[fpc-devel] time for dumping stacktrace, when using dwarf.

Martin lazarus at mfriebe.de
Tue Nov 10 15:52:42 CET 2009


Vincent Snijders wrote:
> Micha Nelissen schreef:
>> Schatzl Thomas wrote:
>>> Improving upon that should be trivial, all reading from the debug 
>>> input has been encapsuled in the two ReadNext() methods in the file 
>>> mentioned.
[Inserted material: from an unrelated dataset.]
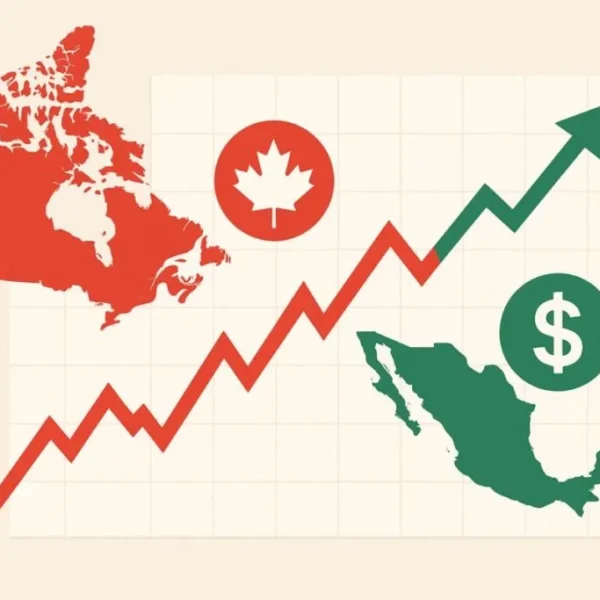 acciones de los bancos canadienses: ¿qué esperar con el aumento de tasas?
It should be easy to make them to read from a (static?) 
>>> buffer that is filled blockwise; note that a static buffer may give 
>>> headaches for MT programs, and you are strongly discouraged to do 
>>> memory allocation during crashes...
>>
>> Allocating that buffer on the stack isn't sufficient?
>
> That's not easy when the exception is raised in case of a stack overflow.

I was also thinking, maybe have an
buffer: Array[0..999] locally in GetLineInfo and pass a pointer around?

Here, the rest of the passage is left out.